TASK TO COMPLETE:
Transcribe the lines exactly, beginning with the one that contains "Vòng tay nữ" and ending with the final line of the records. Do not transcribe pictures.
╔══
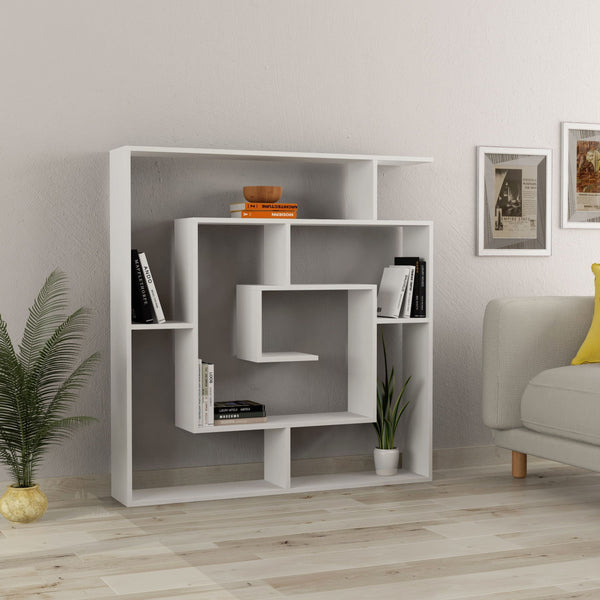 acquista Libreria Moderna 129x125x22 cm in MDF Labirent Bianco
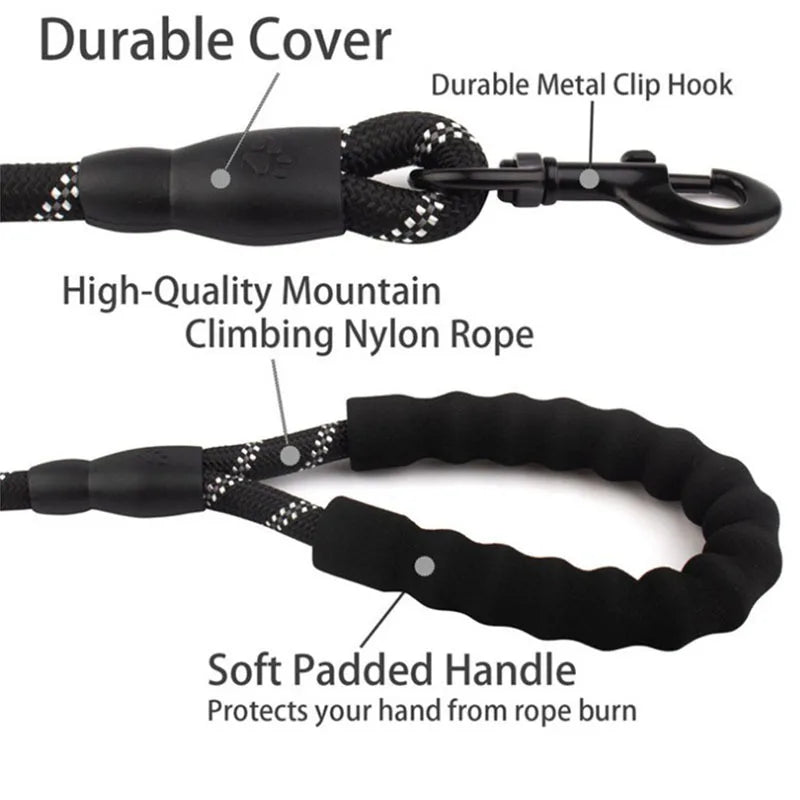 Reflective Nylon Dog Lead – Padded Handle, Heavy Duty Double Rope | 1.5m, 2m & 3m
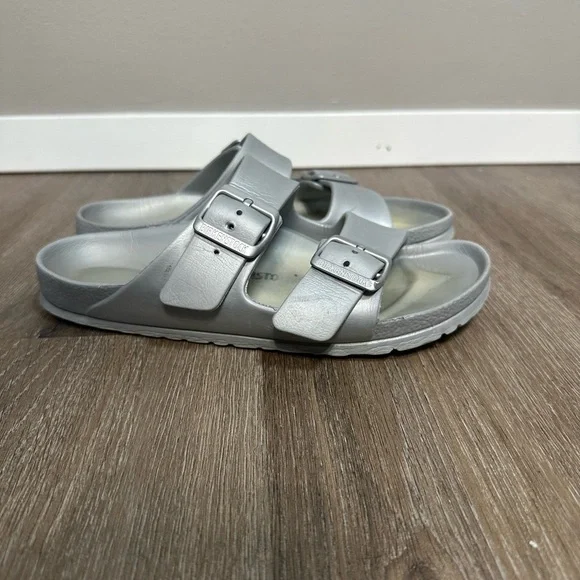 Birkenstock Arizona Essentials Metallic Silver Size 37 - Picture 3 of 13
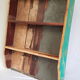 Wall shelf 3 shelves + 4 hooks cast iron in polychrome wood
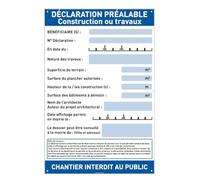 AUA SIGNALETIQUE - Panneau Déclaration Travaux Chantier- Akilux 5 mm - 80 x 120 cm - Avec Marqueur + Panneau “Chantier interdit au public” (Déclaration Préalable Travaux)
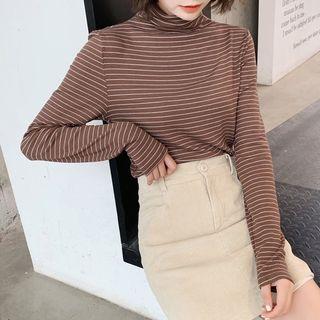 Mock Neck Pinstriped Long-sleeve T-shirt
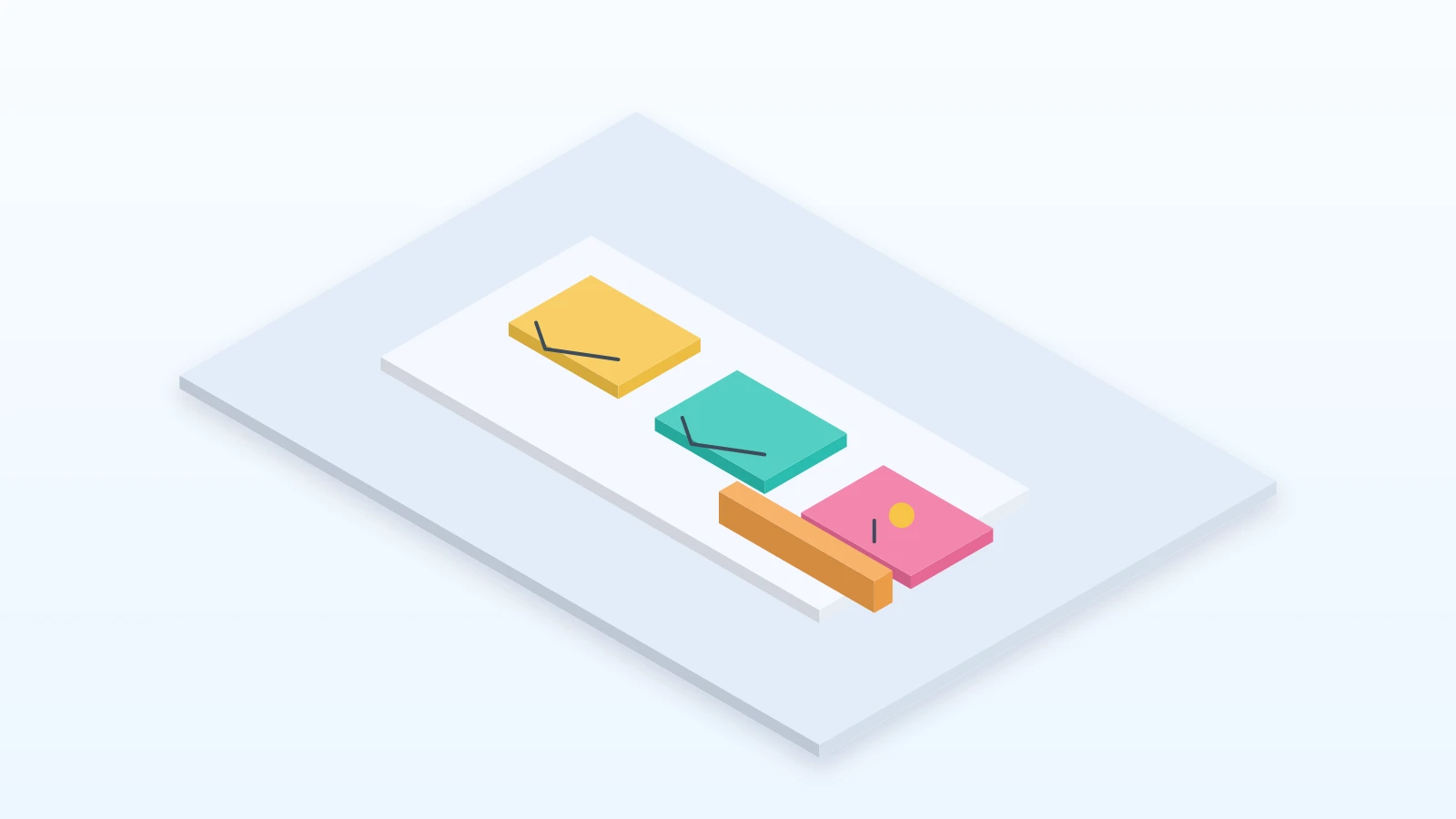 Quadro isometrico de planeamento com notas, checks e uma ideia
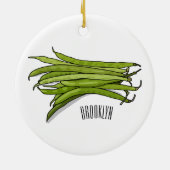 Afbeelding cartoon groene bonen keramisch ornament (Achterkant)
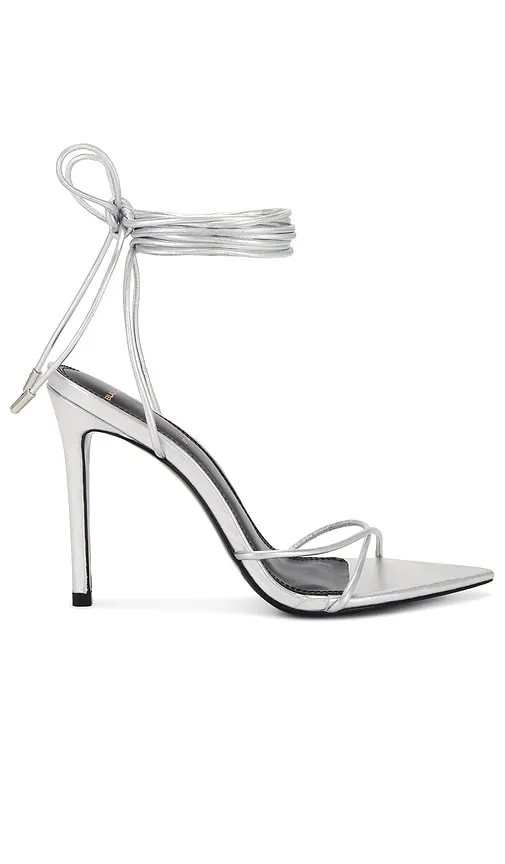 BLACK SUEDE STUDIO Talia Sandal in Metallic Silver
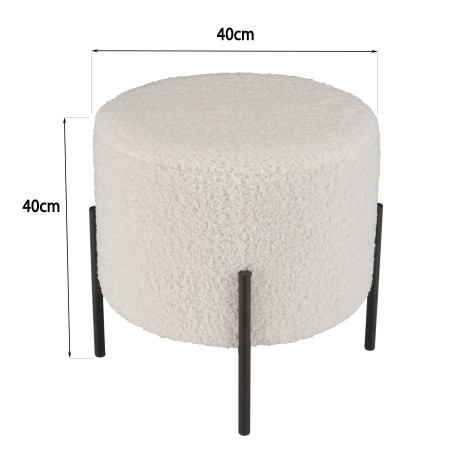 SECONDE MAIN - Tabouret rond 40x40cm tissu bouclette blanc pieds métal noir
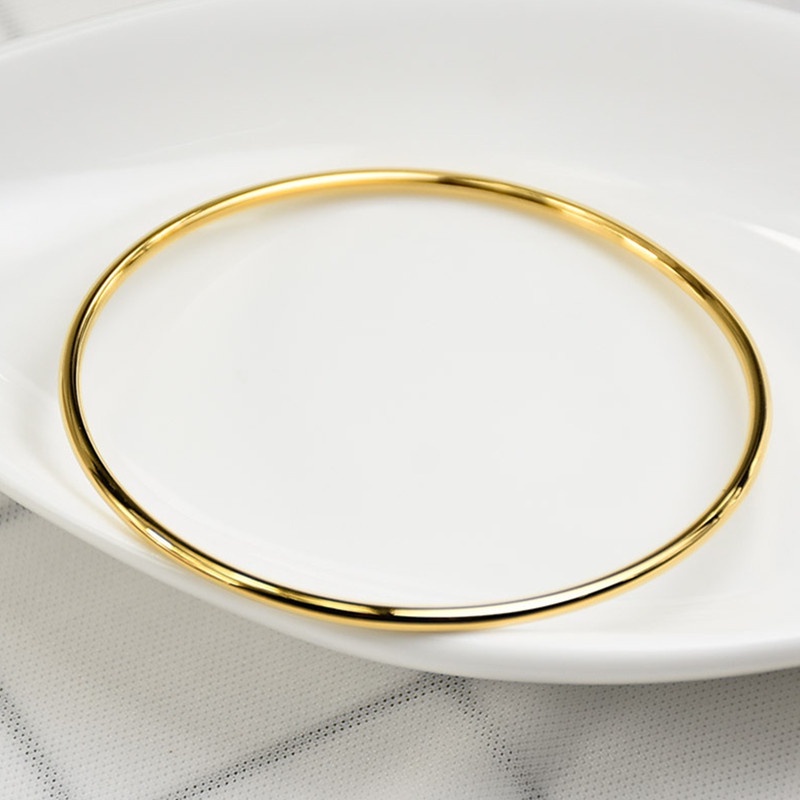 Vòng tay nữ titan không gỉ thiết kế phong cách đơn giản thanh lịch 2mm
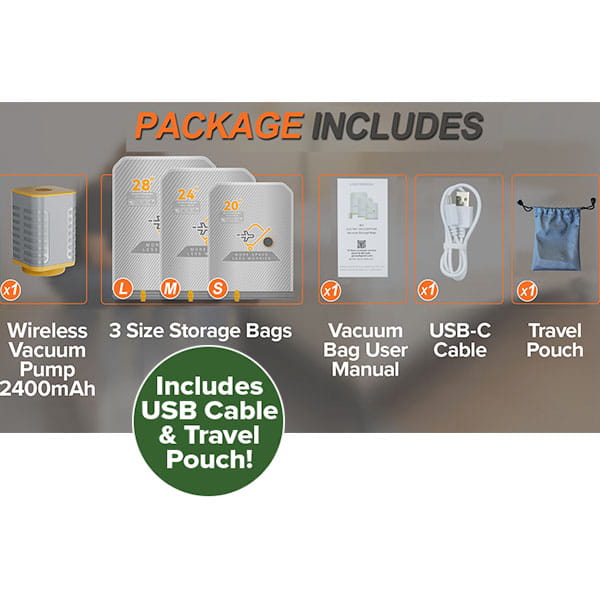 Vacuum Bags for Travel with Wireless Rechargeable Pump (15 Bags)
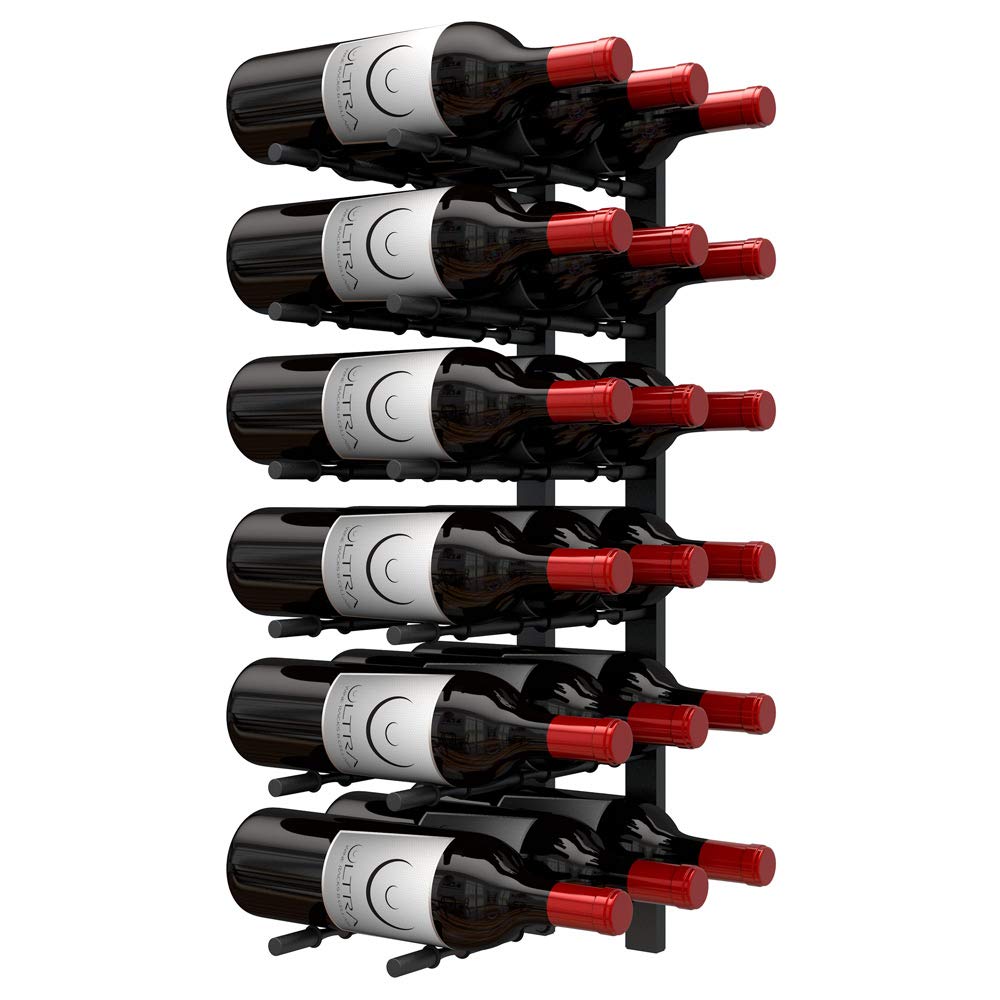 Ultra Wine Racks Wall Mounted Label-Out Wine Racks (4 Foot 2 Deep, Matte Black, 24 Wine Bottles) - Modern Metal Wine Storage, Modular Design for Home Bar, Kitchen, Dining Rooms, & Wine Cellars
╚══
TASK RESPONSE:
 Vòng tay nữ titan không gỉ thiết kế phong cách đơn giản thanh lịch 2mm
 Vacuum Bags for Travel with Wireless Rechargeable Pump (15 Bags)
 Ultra Wine Racks Wall Mounted Label-Out Wine Racks (4 Foot 2 Deep, Matte Black, 24 Wine Bottles) - Modern Metal Wine Storage, Modular Design for Home Bar, Kitchen, Dining Rooms, & Wine Cellars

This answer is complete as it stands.